# Comparison of minimization routines in Cython and Matlab

This serves as a testing platform to learn how to implement the GSL minimization routine in Cython. As Economists tend to use Matlab as a default platform this will form the benchmark. 

The exercise through which we will learn how to use the GSL algorithms implements through a Monte-Carlo simulation the asymptotic convergence of the Bernoulli distribution to the Normal distribution. This will be a one-dimensional minimization routine. 

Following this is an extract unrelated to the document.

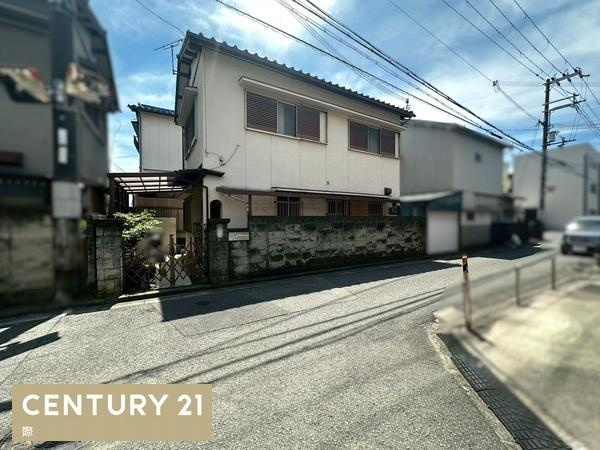 和歌山市和歌浦東３丁目　中古戸建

A single observation drawn from the Bernoulli distribtuion has the following pdf when $y\in{0,1}$:

\begin{equation*}
f_{Y}(y;p_{0}) = p_{0}^{y}\cdot(1-p_{0})^{1-y}
\end{equation*}

We will suppose we have an i.i.d. sample of observations of y, so we can take the joint pdf of the y samples as:

\begin{align*}
f_{Y}(y_{1},...,y_{n};p_{0}) &= \prod_{i=1}^{n}p_{0}^{y_{i}}\cdot(1-p_{0})^{1-y_{i}}\\
&=p_{0}^{\sum_{i=1}^{n}y_{i}}\cdot(1-p_{0})^{\sum_{i=1}^{n}1-y_{i}}
\end{align*}

Applying logs to the above equation gives us the log-likelihood function:

\begin{equation*}
\mathcal{L}(p_{0};y_1...y_n) = \log f\left(y_1,...,y_n; p_{0}\right)=\sum_{i=1}^{n}y_{i}\log(p_{0})+(1-y_{i})\log(1-p_{0})
\end{equation*}

We will set up a Monte-Carlo by using the population probability of $p_{0}=0.2$ to generate a vector y, that we will then use as our observed variable. For each sample size we will run 1000 simulations.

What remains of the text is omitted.